::: Material for this task :::

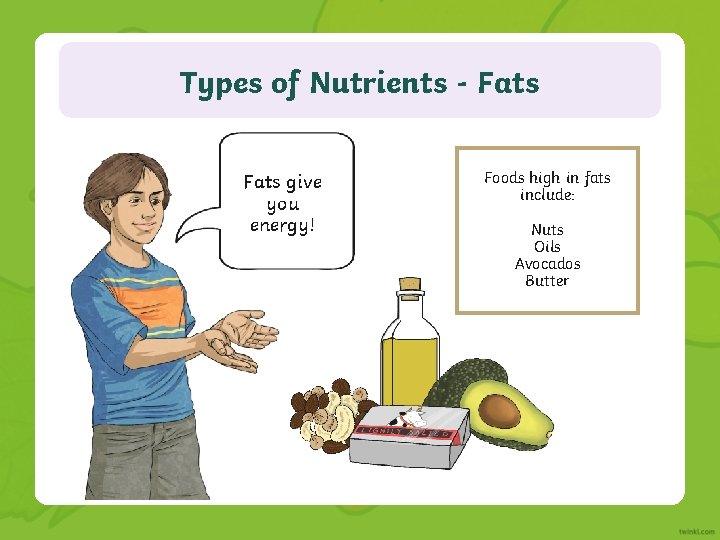 Types of Nutrients - Fats give you energy! Foods high in fats include: Nuts
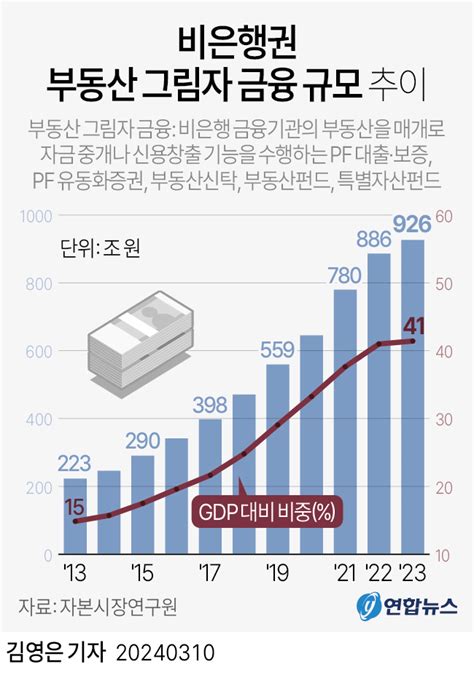 그래픽 비은행권 부동산 그림자 금융 규모 현황 연합뉴스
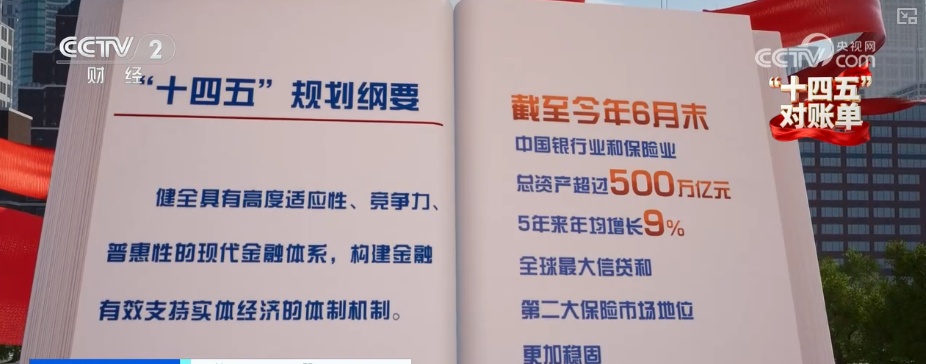 重塑发展格局 多组亮眼数据铸就“金融与实体经济共生共荣”生动答卷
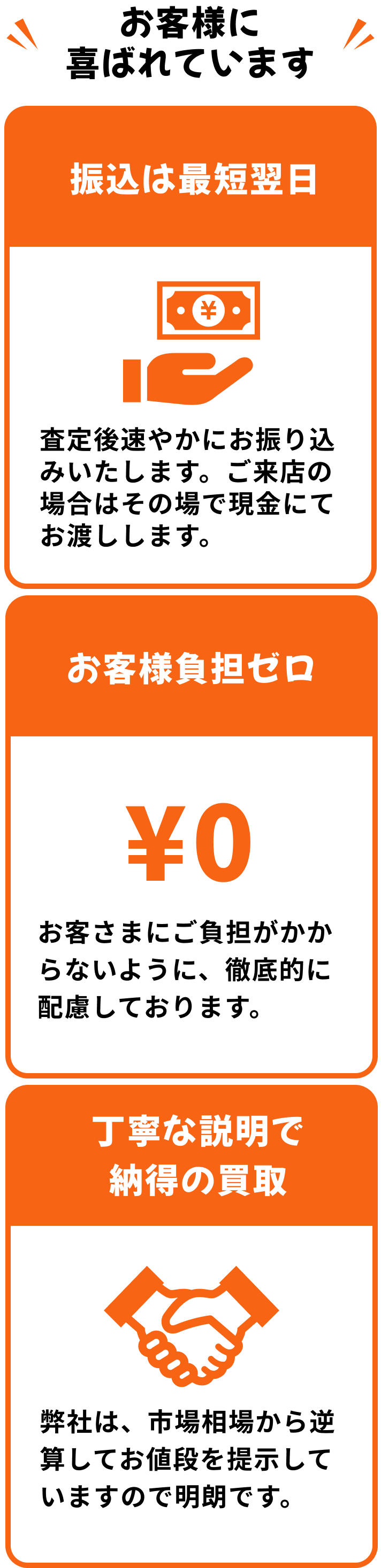 振込は最短翌日、お客様負担ゼロ、丁寧な説明で納得の買取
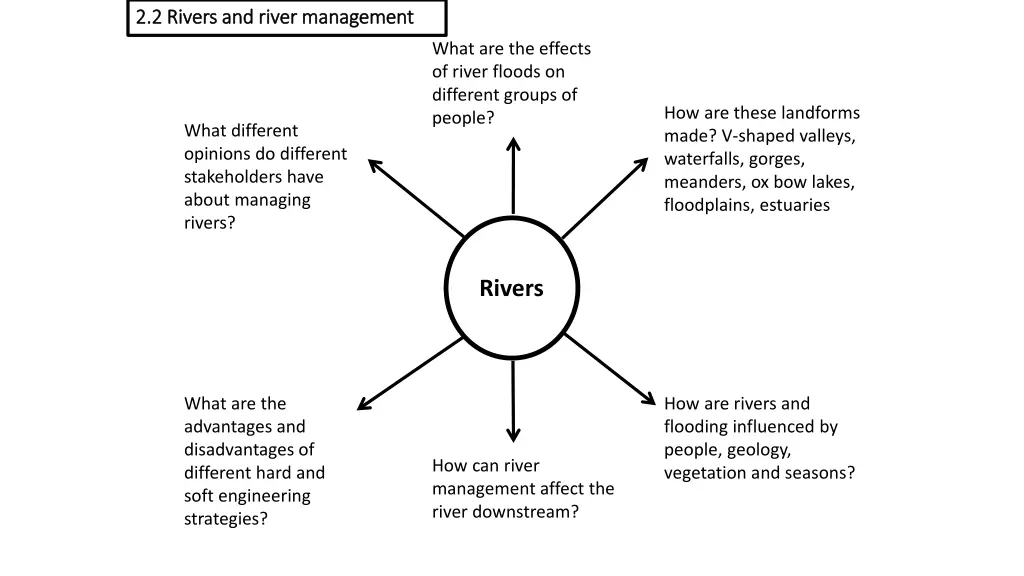 2 2 rivers and river management 2 2 rivers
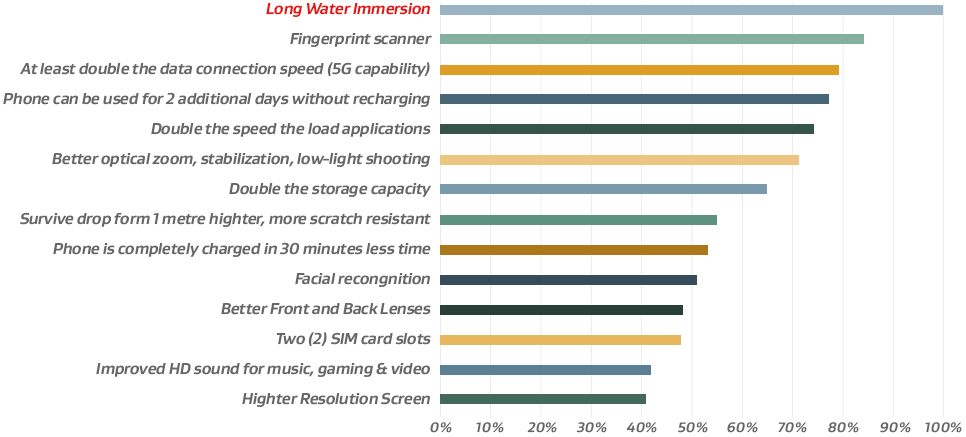 Venting - ME - Waterproof Persuasion Insight 8 - US 01 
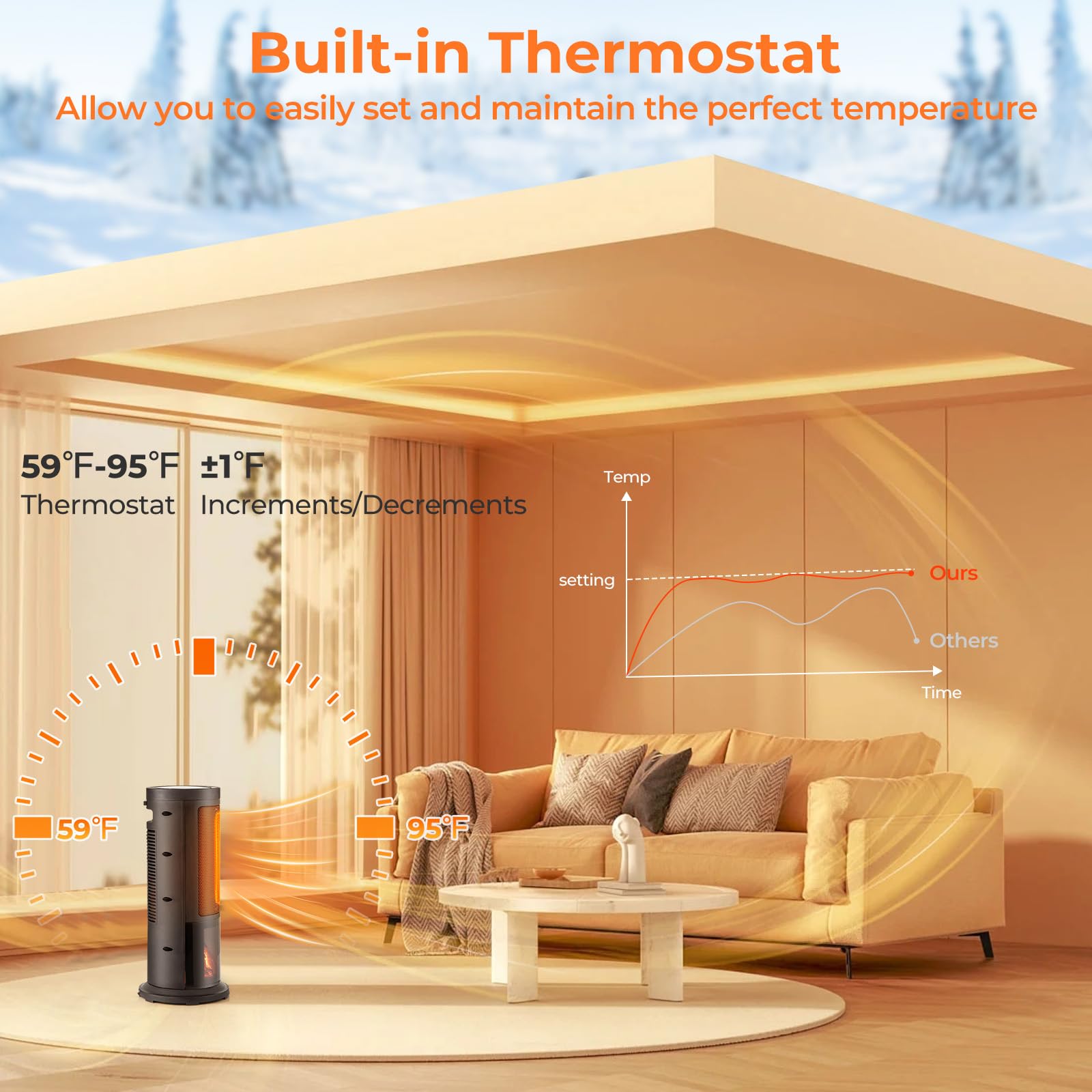 Tangkula 850W/1500W PTC Ceramic Space Heater with Thermostat - 17 Inch Portable Electric Heater with 135° Oscillation, 12 Hour Timer, Realistic 3D Flame Effect, Remote Control & Safety Features (Overheat & Tip-Over Protection) - Perfect for Bedroom, Office, Living Room & Indoor Use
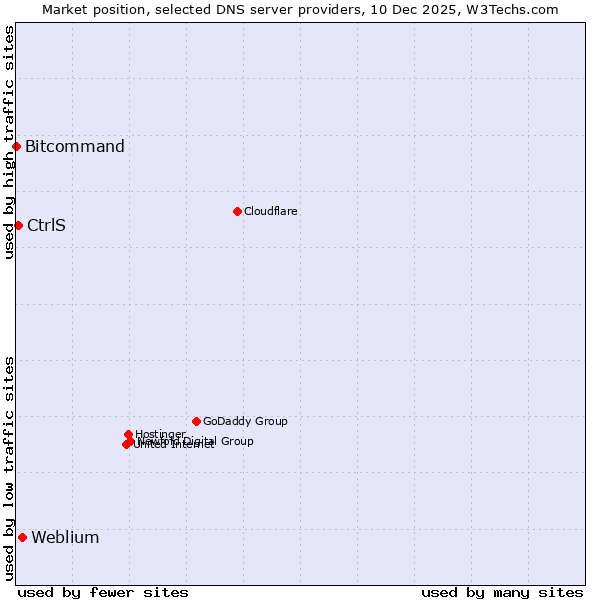 Market position of Weblium vs. CtrlS vs. Bitcommand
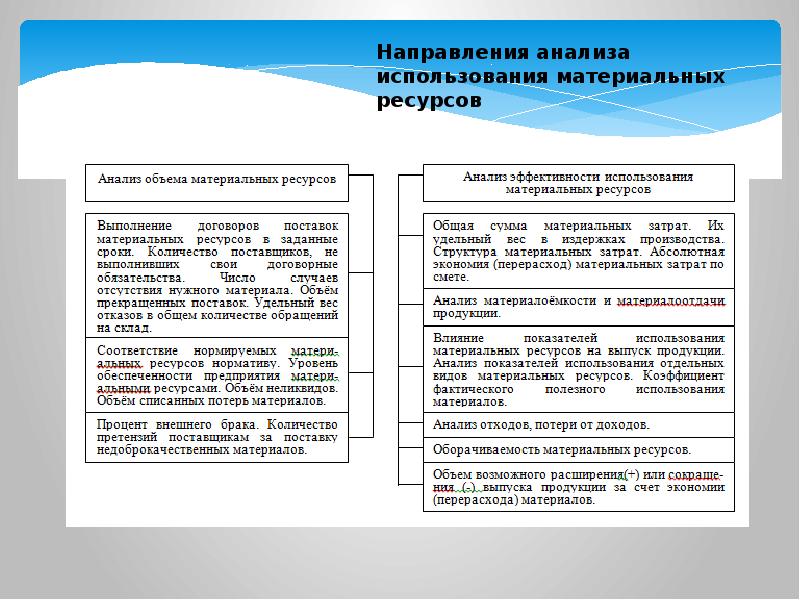 Виды материальных ресурсов. Структура материальных ресурсов предприятия. Материальные ресурсы проекта.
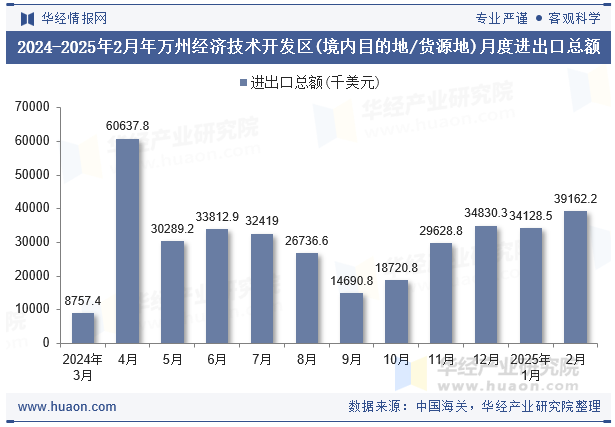 2024-2025年2月年万州经济技术开发区(境内目的地/货源地)月度进出口总额
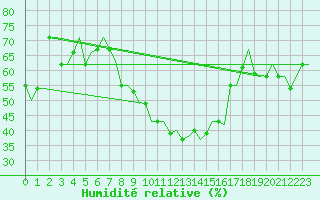 Courbe de l'humidit relative pour Bari / Palese Macchie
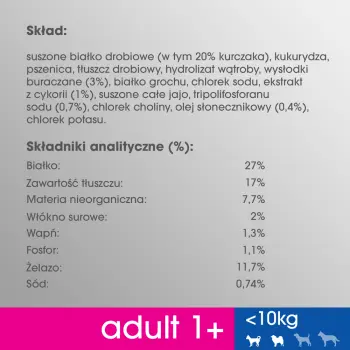 PERFECT FIT Adult 1+ Małe Rasy Z Kurczakiem 6kg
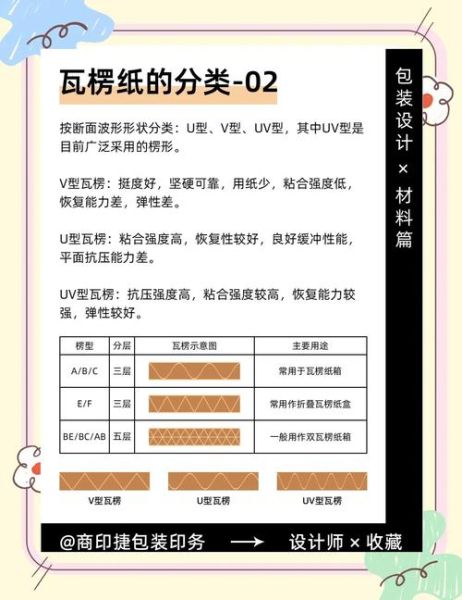 纸箱厂如何降低运输成本_瓦楞纸箱材质怎么选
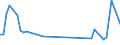 KN 73029030 /Exporte /Einheit = Preise (Euro/Tonne) /Partnerland: Irland /Meldeland: Europäische Union /73029030:Klemmplatten, Spurplatten und Spurstangen, aus Eisen Oder Stahl, fr Bahnen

:::

* [The problem]
Copy out exactly the lines between the line that contains "2024-2025年2月年万" and the last line of the records, both ends included; leave out every picture.

* [Solution to the problem]
 2024-2025年2月年万州经济技术开发区(境内目的地/货源地)月度进出口总额
 Courbe de l'humidit relative pour Bari / Palese Macchie
 PERFECT FIT Adult 1+ Małe Rasy Z Kurczakiem 6kg
 纸箱厂如何降低运输成本_瓦楞纸箱材质怎么选
 KN 73029030 /Exporte /Einheit = Preise (Euro/Tonne) /Partnerland: Irland /Meldeland: Europäische Union /73029030:Klemmplatten, Spurplatten und Spurstangen, aus Eisen Oder Stahl, fr Bahnen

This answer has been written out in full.